William Ottaway oversees his team, at least one of which being in desperate need of new shoes, diligently swapping out a fouled plug on Otto Walker’s Harley-Davidson 11K factory special. It was the 85th lap of 150 around the massive new 2-mile board track at Chicago’s Speedway Park when Walker had to come back in to the pit. He was one of six entered by the Motor Co. into the 300-Mile grind in Chicago on September 12th, 1915, it was one of the hottest days on record in the Windy City that year. Milwaukee’s “Wrecking Crew,” led by Ottaway, were joined in Chicago by Bill Harley and a host of factory management, as well as a reported 100 or so of Milwaukee’s most die-hard enthusiasts who rode their machines down for the event. 

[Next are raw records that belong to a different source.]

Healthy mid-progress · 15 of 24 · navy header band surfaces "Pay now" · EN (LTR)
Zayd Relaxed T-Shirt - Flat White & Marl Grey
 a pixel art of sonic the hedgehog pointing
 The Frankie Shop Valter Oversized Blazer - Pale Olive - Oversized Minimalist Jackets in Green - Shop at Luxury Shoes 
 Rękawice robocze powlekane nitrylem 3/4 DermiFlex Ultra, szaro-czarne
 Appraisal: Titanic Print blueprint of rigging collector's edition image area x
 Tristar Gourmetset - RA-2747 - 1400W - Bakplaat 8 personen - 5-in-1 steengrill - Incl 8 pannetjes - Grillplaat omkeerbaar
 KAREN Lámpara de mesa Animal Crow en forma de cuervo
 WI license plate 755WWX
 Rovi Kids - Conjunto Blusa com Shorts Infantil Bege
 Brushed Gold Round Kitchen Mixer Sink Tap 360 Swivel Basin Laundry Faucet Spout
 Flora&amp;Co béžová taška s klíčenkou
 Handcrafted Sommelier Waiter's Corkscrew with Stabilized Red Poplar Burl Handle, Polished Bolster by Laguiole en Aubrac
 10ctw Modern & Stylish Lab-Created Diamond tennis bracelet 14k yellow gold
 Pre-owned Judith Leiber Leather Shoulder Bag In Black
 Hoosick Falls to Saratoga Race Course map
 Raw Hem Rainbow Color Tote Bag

The Harley team joined a field of 20 other entrants, 8 from the local Excelsior camp, 10 from Indian, and William Kemp onboard his modified Henderson 4. A crowd of over 10,000 spectators, somewhat sparse for such an immense venue, came out in the heat to see the afternoon-long affair, anxious to see the intense speed and delight in the electric atmosphere scored by the military band. The race began at 1:22 P.M. and much to the crowd’s gratification, the full field of 26 riders kept a tight pack in the first miles of the race, nearly touching tires at 90 miles per hour.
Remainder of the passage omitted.